_Exercise data_.
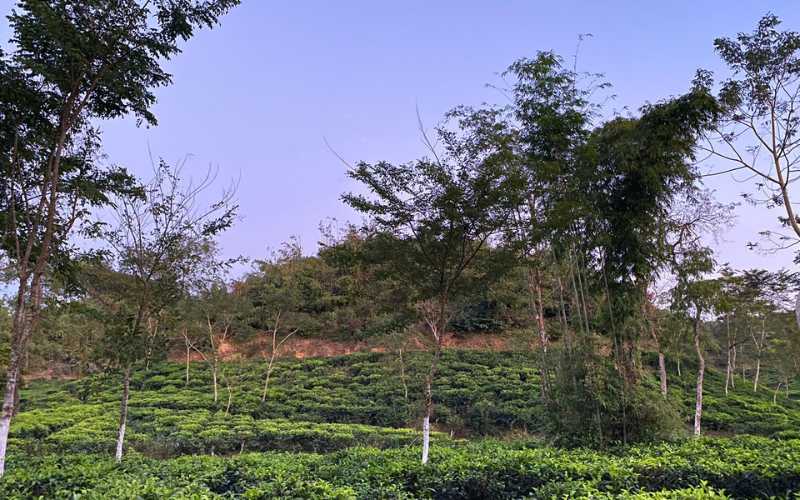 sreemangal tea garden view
...
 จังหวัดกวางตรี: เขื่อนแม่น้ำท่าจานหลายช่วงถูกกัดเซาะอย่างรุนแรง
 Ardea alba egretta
* * *
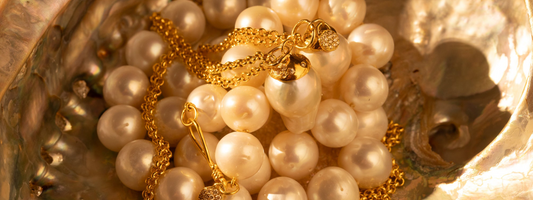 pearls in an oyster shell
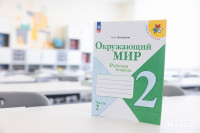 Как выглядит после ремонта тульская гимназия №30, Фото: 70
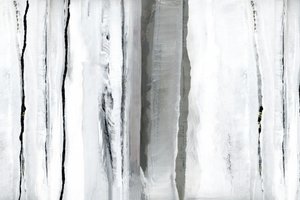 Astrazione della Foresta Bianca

_Exercise prompt_. In the entries above, find the line containing "pearls in an oyster shell" and the line containing "Astrazione della Foresta Bianca", then copy both and every line between them exactly, without any picture.

_Output of the task_.
 pearls in an oyster shell
 Как выглядит после ремонта тульская гимназия №30, Фото: 70
 Astrazione della Foresta Bianca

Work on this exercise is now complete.